Keeping GPU Workloads NUMA-Local in Kubernetes

“NUMA alignment” comes up frequently in GPU infrastructure discussions, but concepts like NUMA nodes, topology policies, and CPU pinning are often assumed rather than well understood. Getting it right is as much the platform engineer’s job as the workload owner’s.

This post isn’t a comprehensive guide to NUMA architecture. It’s a practical account of what happens when you align CPU and GPU resources on Kubernetes nodes: the levels of isolation Kubernetes offers, the gotchas, and what it takes to make it work. My experience is on AMD EPYC hardware. Intel has analogous concepts (Sub-NUMA Clustering instead of NPS, UPI instead of Infinity Fabric), but I haven’t worked with Intel in this context, so I’ll stick to what I know.

Table of Contents

Key Terminology

If you’re already familiar with CPU cache hierarchies, sockets, and PCIe, skip ahead. Otherwise, expand below for the shared vocabulary used throughout the post.

Show terminology

CPU Socket: The physical slot on a motherboard that holds a processor. Multi-socket servers (commonly 2-socket) have multiple processors, each with its own cores and local memory.

Physical Core vs. Logical Core: A physical core is a single processing unit on the CPU die. With SMT (“hyperthreading” on Intel), each physical core presents as 2 logical cores that share the core’s execution resources and caches.

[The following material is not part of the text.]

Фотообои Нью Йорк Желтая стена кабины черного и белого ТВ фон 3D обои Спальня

L1/L2 Cache: Small, fast caches private to each physical core (L1 is smaller and faster than L2). Two containers sharing a physical core, one logical core each, compete for the same L1/L2 space.

L3 Cache (Last-Level Cache): A larger cache shared among a group of cores. On AMD EPYC, it’s shared within a Core Complex (CCD) of typically 8 cores. Cores sharing an L3 cache can exchange data quickly through it.

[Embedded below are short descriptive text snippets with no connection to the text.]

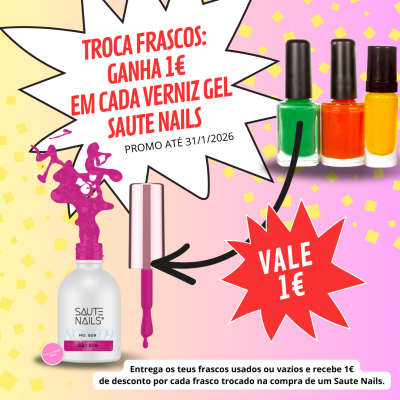 Imagem promocional de vernizes gel Saute Nails com frascos coloridos e texto promocional em português.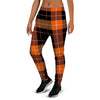 Orange Plaid Tartan Women's Joggers-grizzshop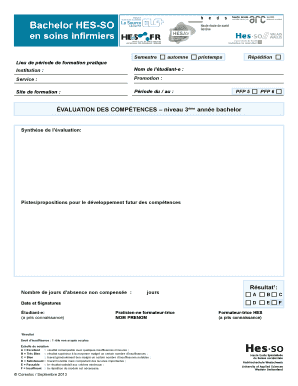 Formulaire d'évaluation des compétences en soins infirmiers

Interconnect: The high-speed link between CPU sockets ( Infinity Fabric on AMD, UPI on Intel). Accessing memory locally is faster than going cross-socket over the interconnect.

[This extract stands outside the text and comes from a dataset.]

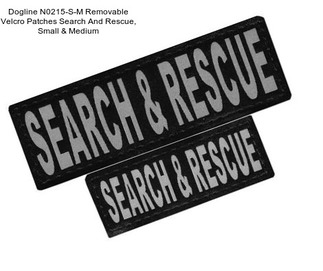 Dogline N0215-S-M Removable Velcro Patches Search And Rescue, Small & Medium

PCIe: The bus connecting CPUs to devices like GPUs and NICs. Each PCIe root complex is wired to a specific CPU socket, so a GPU is physically closer to one socket than another.

DMA: Lets devices like GPUs read from and write to system memory directly, without the CPU copying data byte-by-byte. If the data sits in memory attached to a different NUMA node than the GPU, the DMA read crosses the interconnect.

What is NUMA?

NUMA (Non-Uniform Memory Access) describes a memory architecture where the time it takes a CPU core to access memory depends on where that memory physically sits relative to the core.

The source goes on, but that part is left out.